Mieszkaniec Legionowa, mający na swoim koncie 27 lat, został złapany przez lokalnych detektywów, oskarżony o włamanie do pojazdu i kradzież narzędzi, elektronarzędzi oraz karty płatniczej. Mężczyzna już teraz musi stawić czoła zarzutom wynikającym z tego incydentu. Ze względu na to, że popełnione przez niego przestępstwo miało miejsce podczas recydywy, kara może być surowsza. Zgodnie z prawem, za takie czyny grozi kara do 10 lat pozbawienia wolności, ale w przypadku recydywistów, kara ta może zostać zwiększona o połowę.

W połowie marca bieżącego roku, na jednym z osiedli w Legionowie, nastąpiło włamanie do zaparkowanego samochodu. Złodziej zabrał ze sobą elektronarzędzia. Poszkodowany zgłosił ten incydent policji i oszacował swoje straty na ponad 40 000 złotych. Funkcjonariusze natychmiast rozpoczęli śledztwo w tej sprawie.

Detektywi z Legionowa podjęli się zadania ustalenia sprawcy tego przestępstwa.

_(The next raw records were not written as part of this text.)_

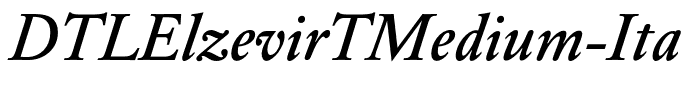 DTLElzevirTMedium-Italic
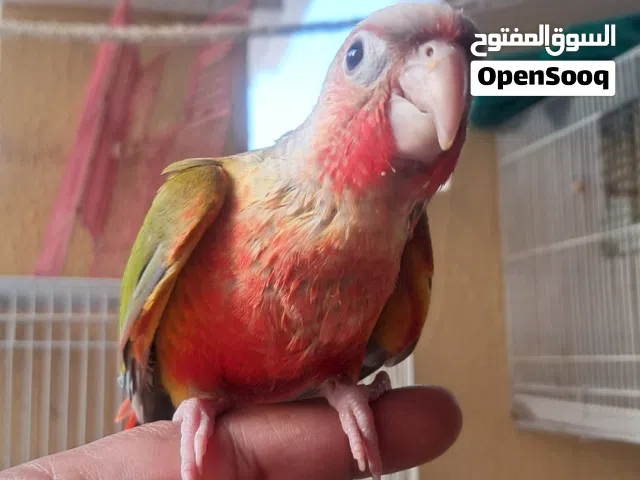 Pineapple conure dabble red factor fully friendly,,,,,,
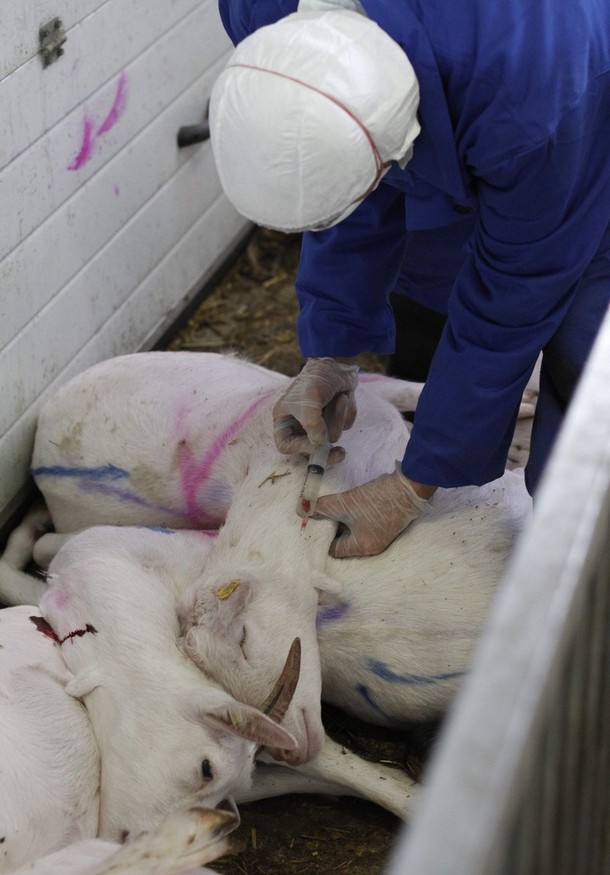 Фотография: Козий грипп стал причиной массового забоя скота №4 - BigPicture.ru
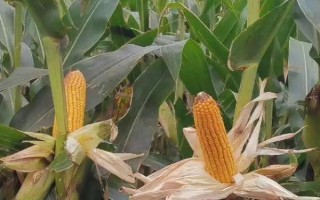 裕豐308玉米品種簡介，中上等肥力地塊種植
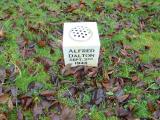 image of grave number 358343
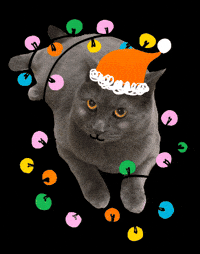 Christmas Cat Gabi Toma GIF
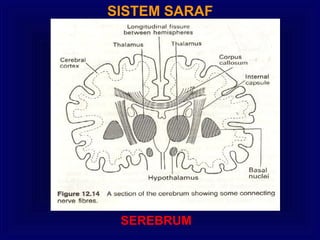 SISTEM SARAF
SEREBRUM
 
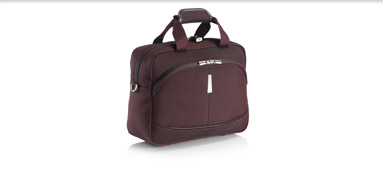 Business Travel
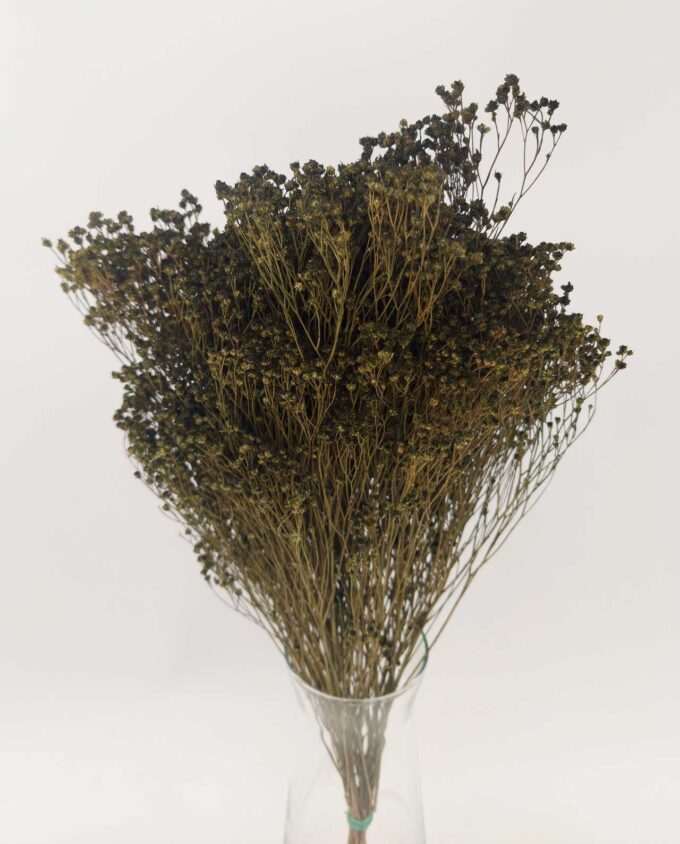 Dried Green Broom Bloom Bunch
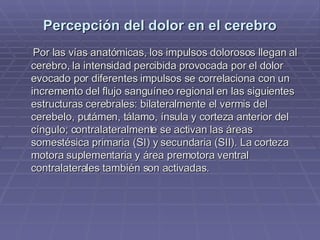 Percepción del dolor en el cerebro Por las vías anatómicas, los impulsos dolorosos llegan al cerebro, la intensidad percibida provocada por el dolor evocado por diferentes impulsos se correlaciona con un incremento del flujo sanguíneo regional en las siguientes estructuras cerebrales: bilateralmente el vermis del cerebelo, putámen, tálamo, ínsula y corteza anterior del cíngulo; contralateralmente se activan las áreas somestésica primaria (SI) y secundaria (SII). La corteza motora suplementaria y área premotora ventral contralaterales también son activadas.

Zebrali i sprawdzili wszystkie dostępne informacje. Na podstawie tych ustaleń, udało im się zidentyfikować mężczyznę, który najprawdopodobniej miał bezpośredni związek z tym włamaniem. Okazał się nim być 27-letni mieszkaniec powiatu.

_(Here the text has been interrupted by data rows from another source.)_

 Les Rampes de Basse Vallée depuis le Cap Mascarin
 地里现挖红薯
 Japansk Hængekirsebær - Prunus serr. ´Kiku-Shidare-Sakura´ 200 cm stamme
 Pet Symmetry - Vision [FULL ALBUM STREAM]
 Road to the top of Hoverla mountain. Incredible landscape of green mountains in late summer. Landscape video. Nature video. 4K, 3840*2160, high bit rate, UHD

Funkcjonariusze ustalili kilka potencjalnych miejsc, w których poszukiwany przez nich mężczyzna mógł się ukrywać. W ciągu ostatniego tygodnia, podczas przeszukania jednego z tych miejsc na terenie Warszawy, udało się go aresztować. Policjanci odzyskali również skradzione elektronarzędzia, które złodziej sprzedał w jednym z warszawskich komisów.

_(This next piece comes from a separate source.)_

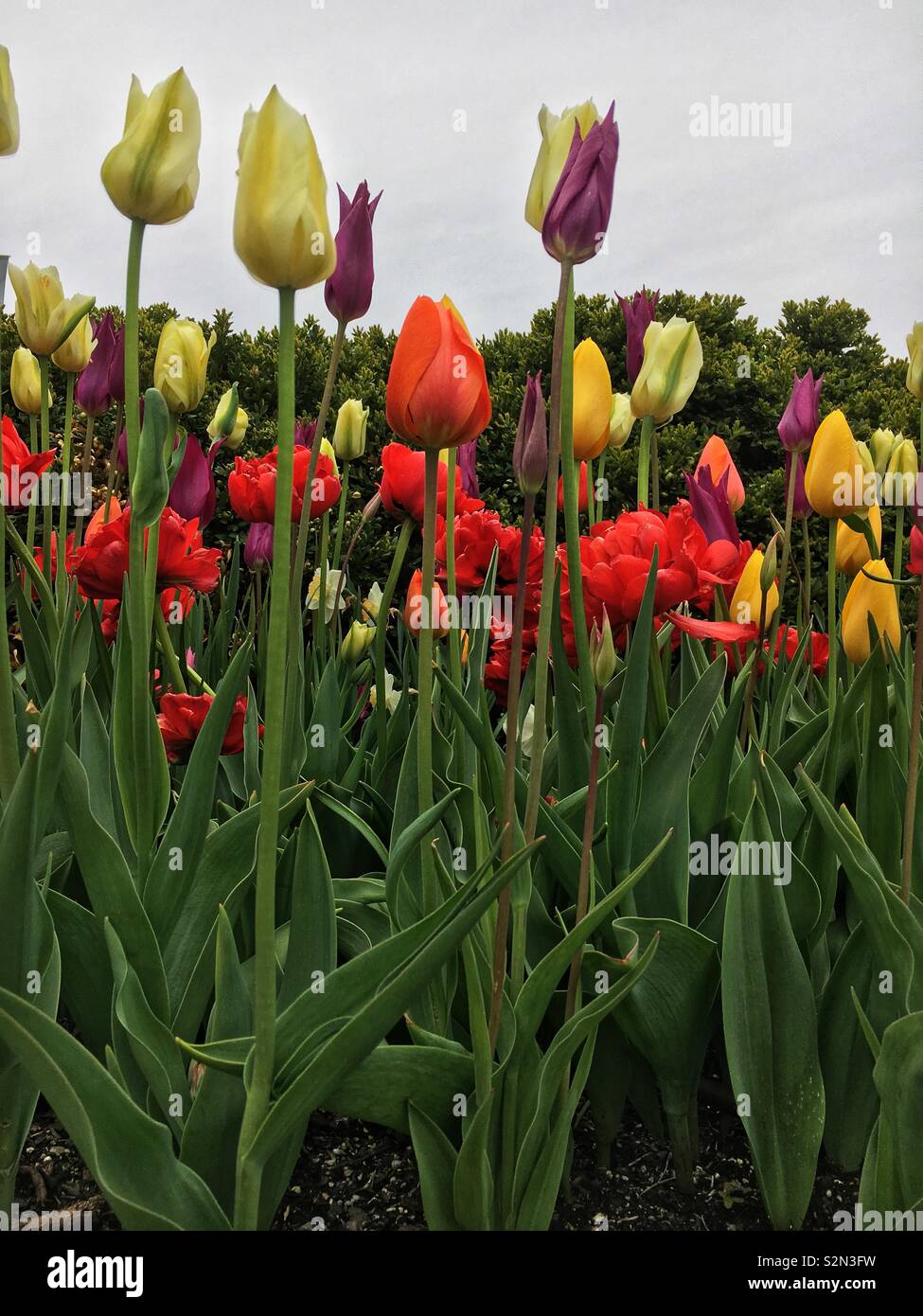Spring garden full of colorful tulips in full bloom. - Smartphone Captured Stock Image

Po zatrzymaniu, 27-latek został przewieziony do komendy policji w Legionowie. Po dokładnej analizie zgromadzonego materiału dowodowego, śledczy postawili mu zarzut kradzieży z włamaniem w warunkach recydywy. Mężczyźnie grozi kara do 10 lat pozbawienia wolności. Biorąc pod uwagę fakt, że był to już kolejny raz kiedy 27-latek miał do czynienia z prawem za przestępstwa przeciwko mieniu, sąd może orzec wyższy wymiar kary – nawet do 15 lat.

Wszystkie czynności w tym postępowaniu są prowadzone pod ścisłym nadzorem Prokuratury Rejonowej w Legionowie.